The large-scale study covers sub-projects in eight culturally and historically linked cities in the border area between India and Nepal. Prof. Brosius will collaborate with researchers from the School of Oriental and African Studies in London (UK), the South Asian University in New Delhi (India) and the Social Science Baha in Kathmandu (Nepal) in investigating, amongst other things, how the manner of dealing with testimonies to past culture contributes to societal cohesion in the region.

The researchers will approach the whole issue of cultural heritage from the angle of social ‘placemaking’. Prof. Brosius underlines: “We regard commitment to cultural heritage as a community act of producing localities that has a physical side to it and also involves timescales and moral components. It is not only about shaping actual locations for common use, but also about developing a vision of such areas – and of the future they hold – that forges community and identity.” Through examining the changing power structures in practice and conception that give such places significance, the international research team wants to contribute to a better understanding of cultural heritage, reaching beyond the often Eurocentric concepts of authenticity.

In their respective projects the researchers will, above all, explore the role played by decolonisation, solidarity and bureaucracy in the societal and ideological negotiation of cultural heritage in the region. Who has the authority to interpret it? What is the procedure for deciding whether this heritage is attributed global significance or not? How do different social and political groupings show solidarity in order to care for their cultural heritage – also across national borders? The researchers also want to find out how bureaucratic interventions and international commitment impact on local cultural narratives and what cultural witnesses to the past are entering the history books – or are precisely being erased from them.

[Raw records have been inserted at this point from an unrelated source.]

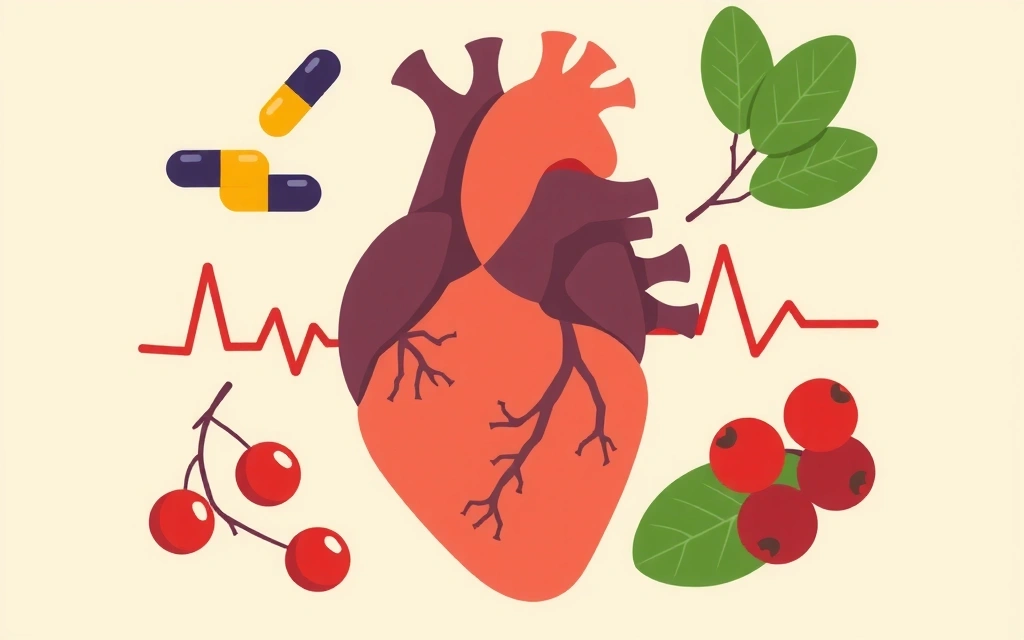 Stylized illustration of a healthy human heart surrounded by beneficial natural ingredients like Omega-3 capsules and berries.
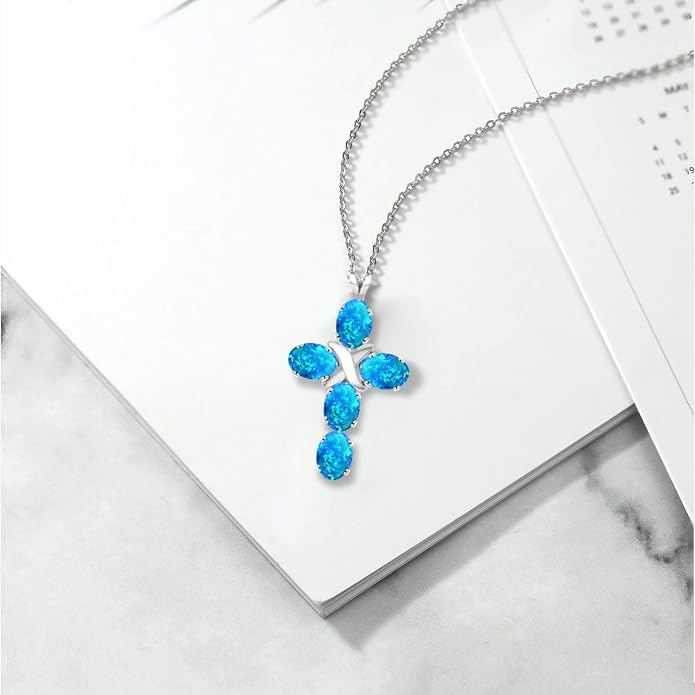 Gem Stone King Cross Pendant Necklace for Women | 925 Sterling Silver | 6X4MM Gemstone Birthstone | Jesus Christian Religious Crucifix Jewelry Gifts | 18 Inch Chain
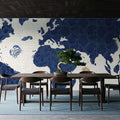 Sea This Map White Mural Wallpaper - room preview 04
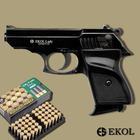 Стартовый пистолет Walther ppk, Ekol Lady черный + 20 патронов, Сигнальный пистолет под холостой патрон 9мм, Шумовый - изображение 1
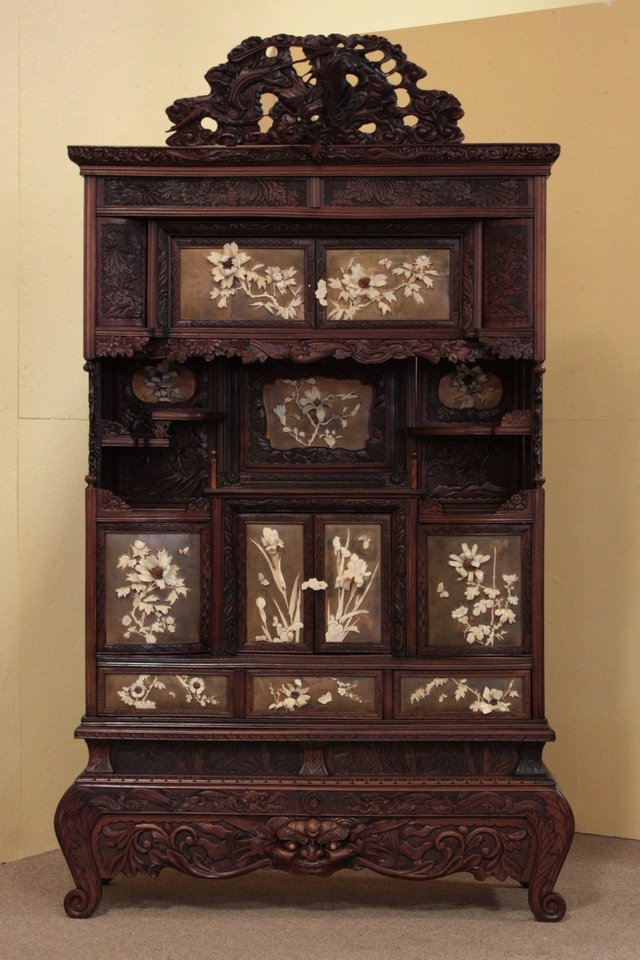 Rosewood Japanese Shodana, Altar or Curio Cabinet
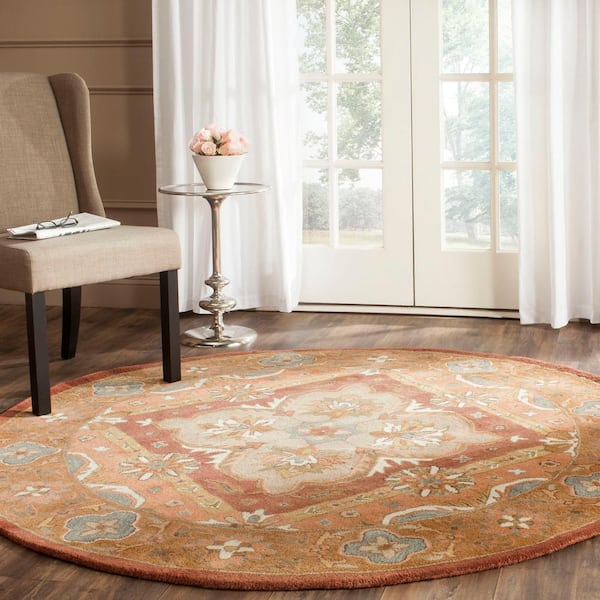 Heritage Rust 6 ft. x 6 ft. Round Border Area Rug
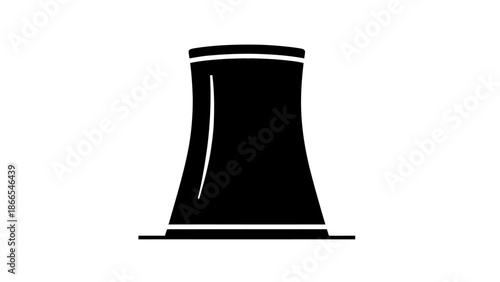 Black Silhouette of a Nuclear Cooling Tower, Isolated White Background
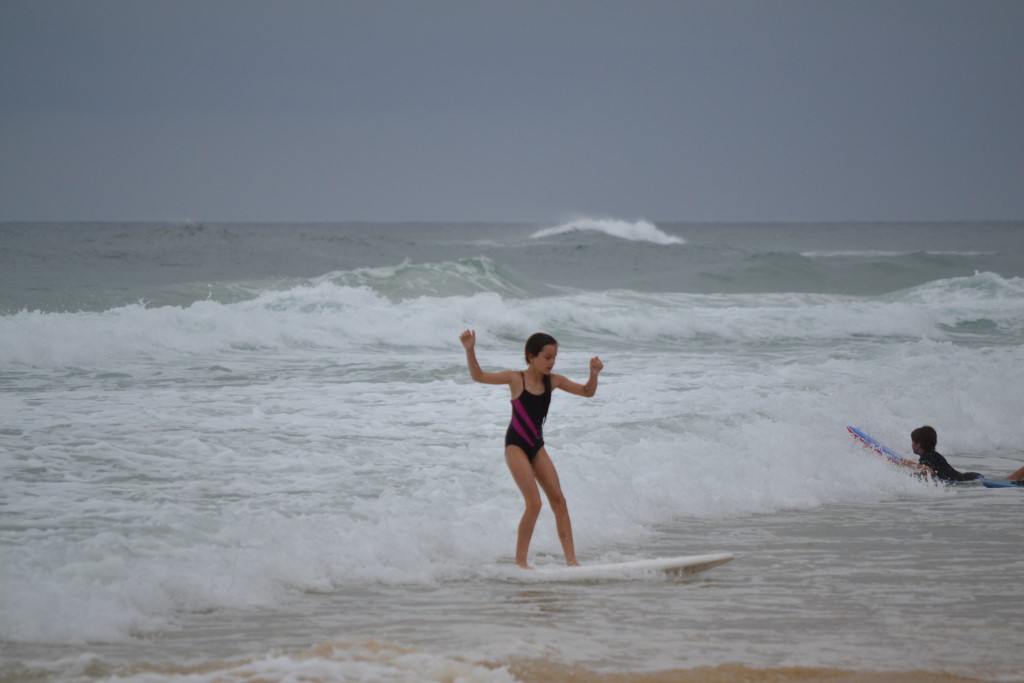 It was nine-year-old Ella’s first time in a surf comp and she won the girls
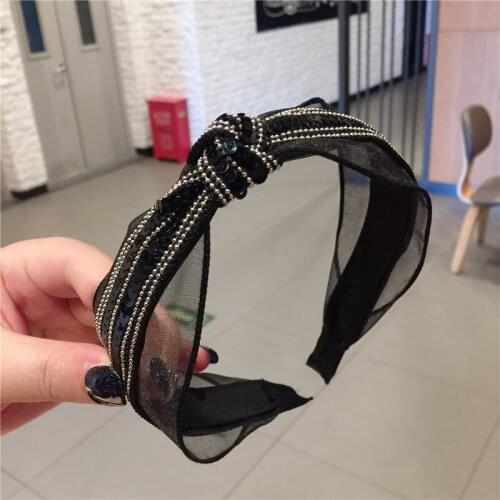 Fashion Luxurious Sequins Lace hair hoop Hair Accessories Women Girls Hair Band Hair Ponytail Rope Hairbands headwear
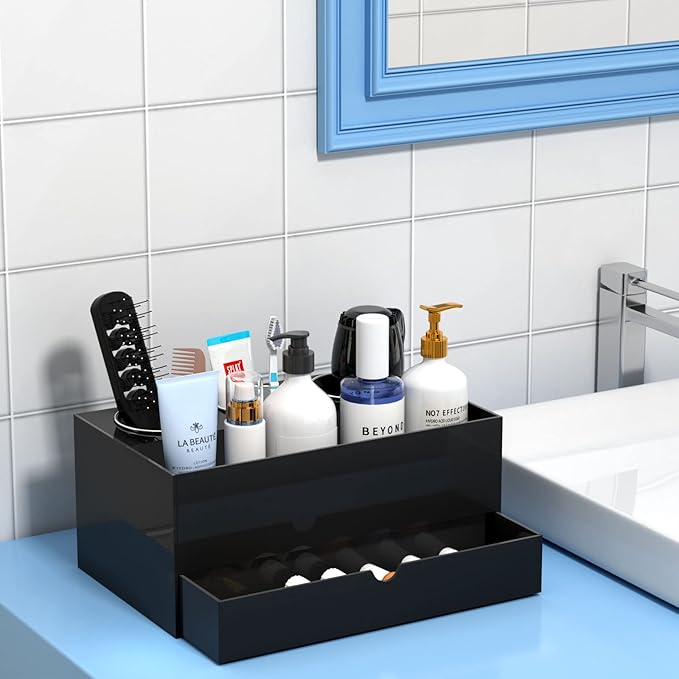 NIUBEE Acrylic Hair Tool Organizer with Drawer, Hair Dryer Holder Organizer | Black, Hot Tools Organizer Countertop with 3 Cups, Hair Blow Dryer Storage for Curling Iron, Brush, Straightener, Bathroom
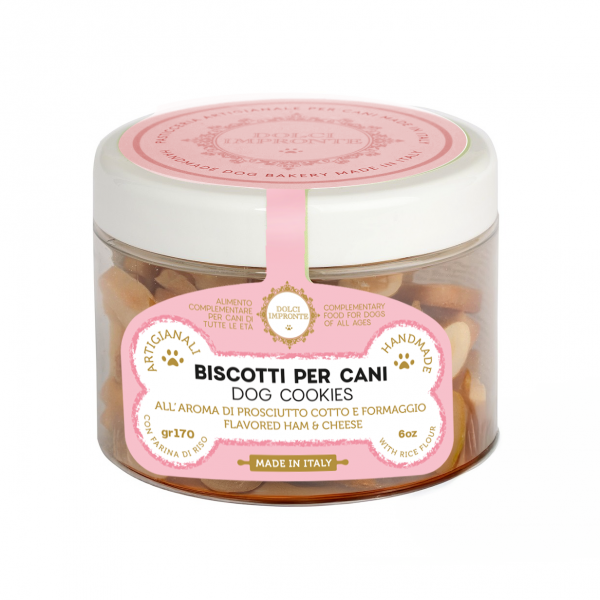 Dolci Impronte| Confezione 3 pezzi Biscotti Farina Di Riso Aroma Prosciutto Formaggio 170 gr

The project “Heritage as Placemaking: The Politics of Solidarity and Erasure in South Asia” is one of eight collaborative research projects being funded in the context of the call “Global Issues – Integrating Different Perspectives on Heritage and Change”. The finance stems from the Swedish Riksbankens Jubileumsfond, the Italian Fondazione Compagnia di San Paolo and the Volkswagen Foundation. A total of eleven million euros is going to support research projects involving international partners and a variety of disciplines concerned with the impacts of global changes on culture and cultural heritage.